25 Years Ago | 50 Years Ago | 75 Years Ago | 100 Years Ago

25 years ago: Last of Stalin’s henchmen dies

Lazar M. Kaganovich, the last surviving major accomplice of Joseph Stalin in his bloody crimes against the Soviet and international working class, died July 25, 1991, at the age of 97. He was cremated July 30 at the Donskoi monastery, the same location where thousands of Stalin’s victims were murdered during the purges of the 1930s.

When Stalin became general secretary of the Communist Party in 1922, he placed Kaganovich in charge of the powerful Organizational Bureau, or Orgburo, of the party Secretariat. Kaganovich was later installed as chief of the Ukrainian party, and finally brought to Moscow, where he became head of the Moscow city organization in December 1928, replacing Nikolai Uglanov, a supporter of Nikolai Bukharin.

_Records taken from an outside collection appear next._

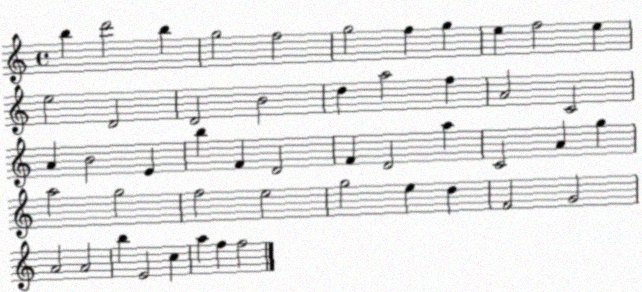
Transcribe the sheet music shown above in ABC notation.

X:1
T:Untitled
M:4/4
L:1/4
K:C
b d'2 b g2 f2 g2 f g e f2 e e2 D2 D2 B2 d a2 f A2 C2 A B2 E b F D2 F D2 a C2 A g a2 g2 f2 e2 g2 e d F2 G2 A2 A2 b E2 c a f f2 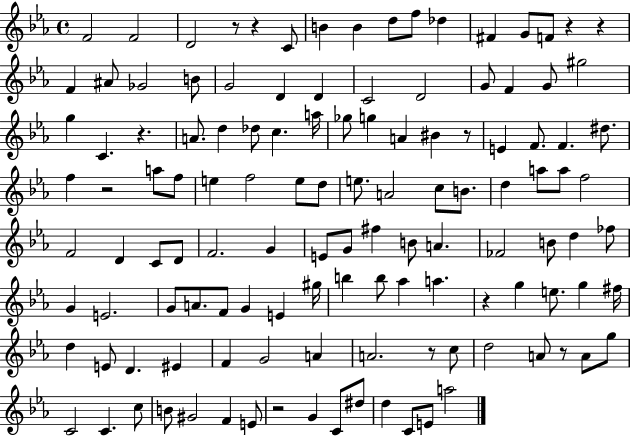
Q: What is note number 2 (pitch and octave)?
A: F4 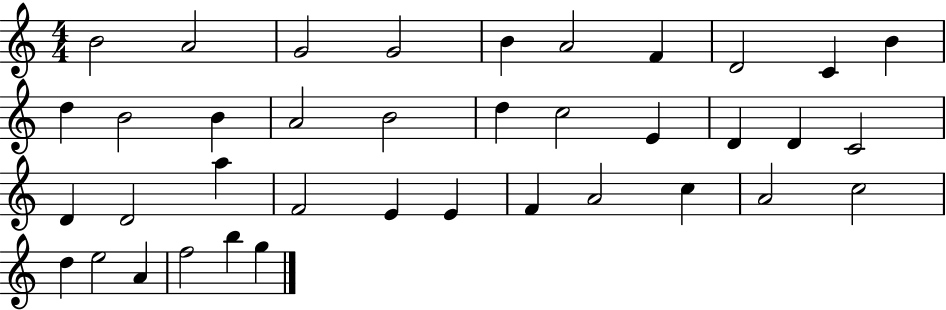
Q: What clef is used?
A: treble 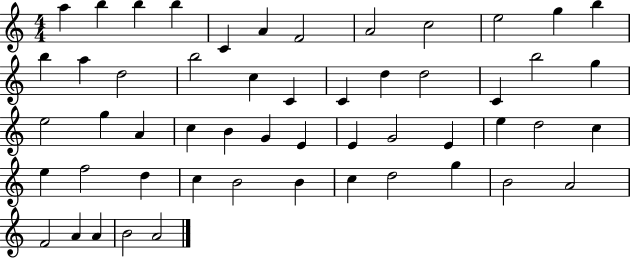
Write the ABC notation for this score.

X:1
T:Untitled
M:4/4
L:1/4
K:C
a b b b C A F2 A2 c2 e2 g b b a d2 b2 c C C d d2 C b2 g e2 g A c B G E E G2 E e d2 c e f2 d c B2 B c d2 g B2 A2 F2 A A B2 A2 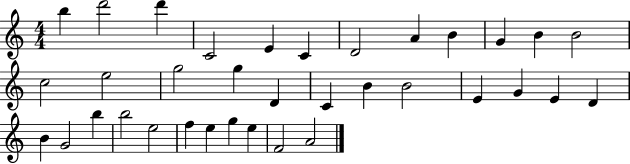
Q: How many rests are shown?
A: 0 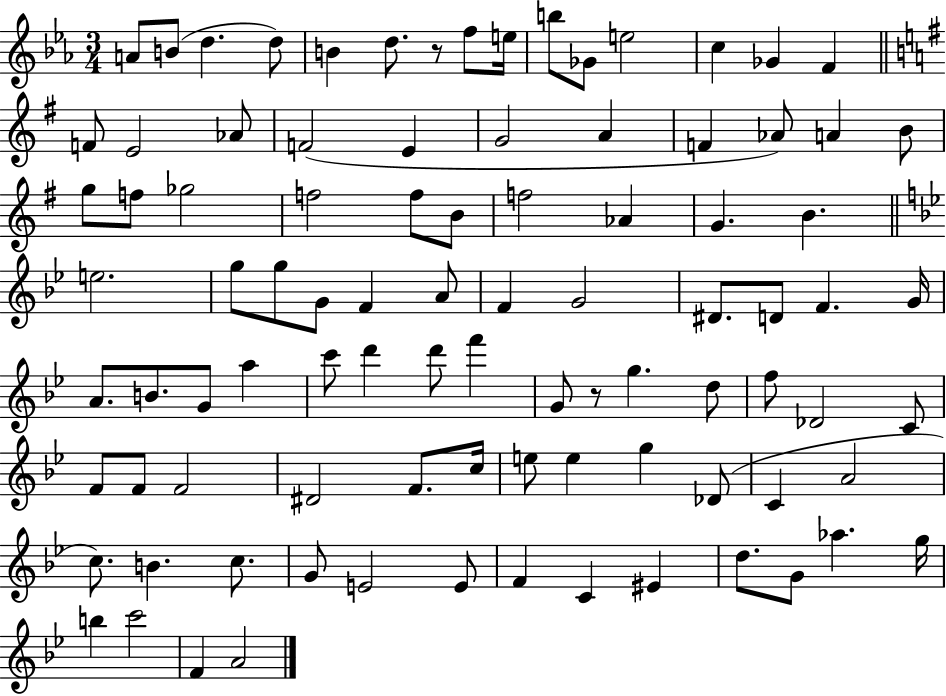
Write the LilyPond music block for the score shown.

{
  \clef treble
  \numericTimeSignature
  \time 3/4
  \key ees \major
  \repeat volta 2 { a'8 b'8( d''4. d''8) | b'4 d''8. r8 f''8 e''16 | b''8 ges'8 e''2 | c''4 ges'4 f'4 | \break \bar "||" \break \key e \minor f'8 e'2 aes'8 | f'2( e'4 | g'2 a'4 | f'4 aes'8) a'4 b'8 | \break g''8 f''8 ges''2 | f''2 f''8 b'8 | f''2 aes'4 | g'4. b'4. | \break \bar "||" \break \key bes \major e''2. | g''8 g''8 g'8 f'4 a'8 | f'4 g'2 | dis'8. d'8 f'4. g'16 | \break a'8. b'8. g'8 a''4 | c'''8 d'''4 d'''8 f'''4 | g'8 r8 g''4. d''8 | f''8 des'2 c'8 | \break f'8 f'8 f'2 | dis'2 f'8. c''16 | e''8 e''4 g''4 des'8( | c'4 a'2 | \break c''8.) b'4. c''8. | g'8 e'2 e'8 | f'4 c'4 eis'4 | d''8. g'8 aes''4. g''16 | \break b''4 c'''2 | f'4 a'2 | } \bar "|."
} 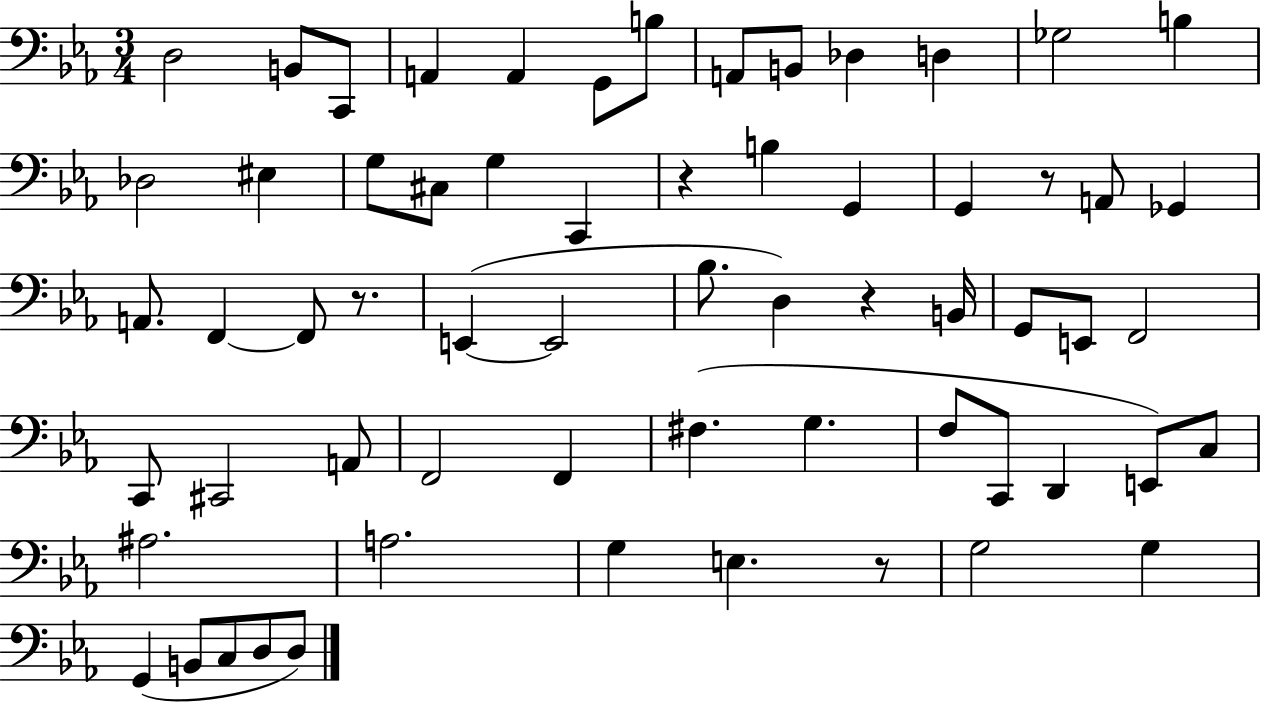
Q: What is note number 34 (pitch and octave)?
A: E2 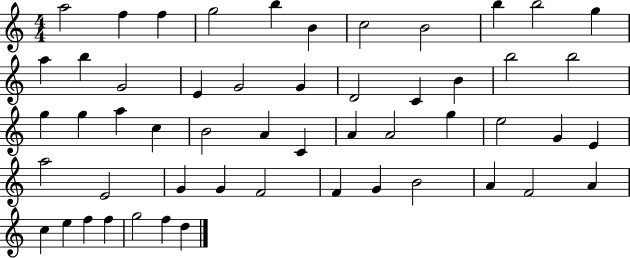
X:1
T:Untitled
M:4/4
L:1/4
K:C
a2 f f g2 b B c2 B2 b b2 g a b G2 E G2 G D2 C B b2 b2 g g a c B2 A C A A2 g e2 G E a2 E2 G G F2 F G B2 A F2 A c e f f g2 f d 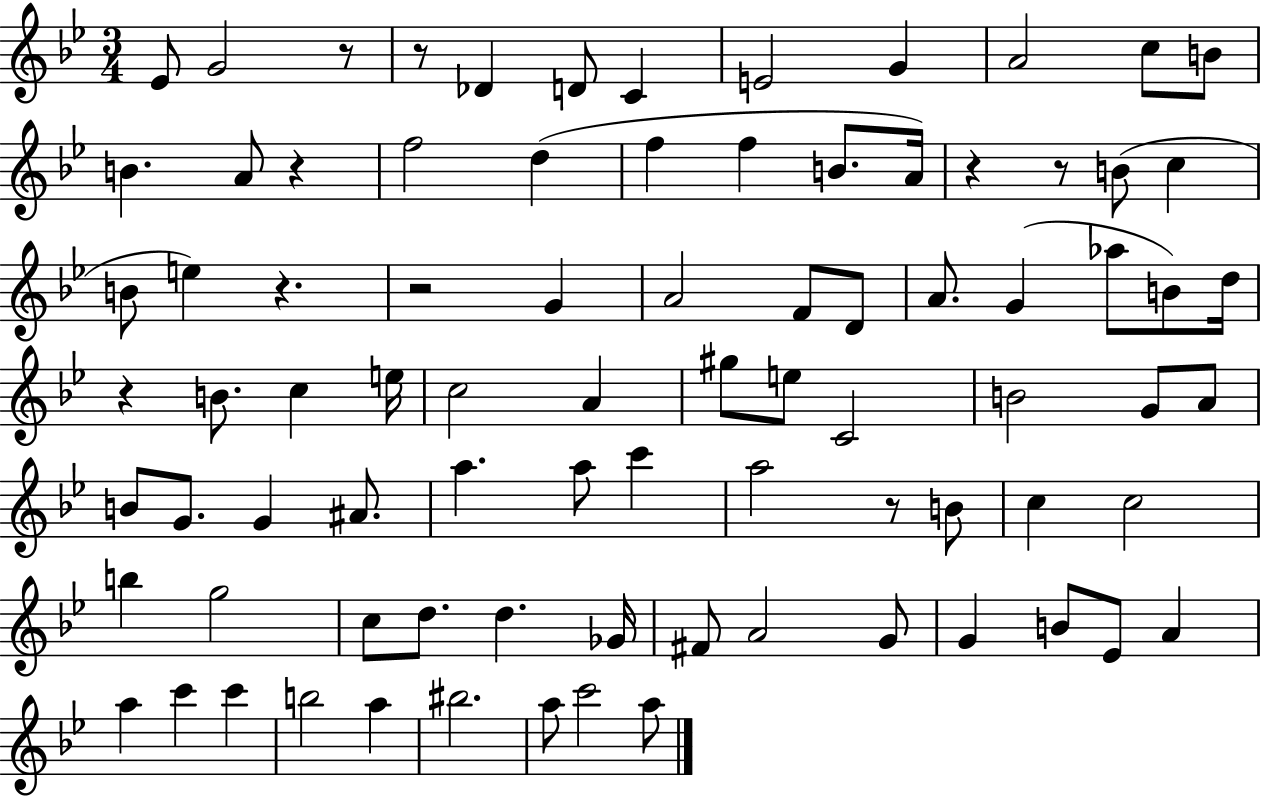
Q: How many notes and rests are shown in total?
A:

In 1930, Kaganovich was elevated to the Politburo, where he served as Stalin’s most dependable handraiser and organizer, given responsibility for suppressing peasant opposition to forced collectivization––in which millions died––and later taking a leading part in the mass murders of 1937-38. According to one account, Kaganovich gave his own brother the pistol with which to commit suicide after the latter was denounced and about to be arrested in the purges.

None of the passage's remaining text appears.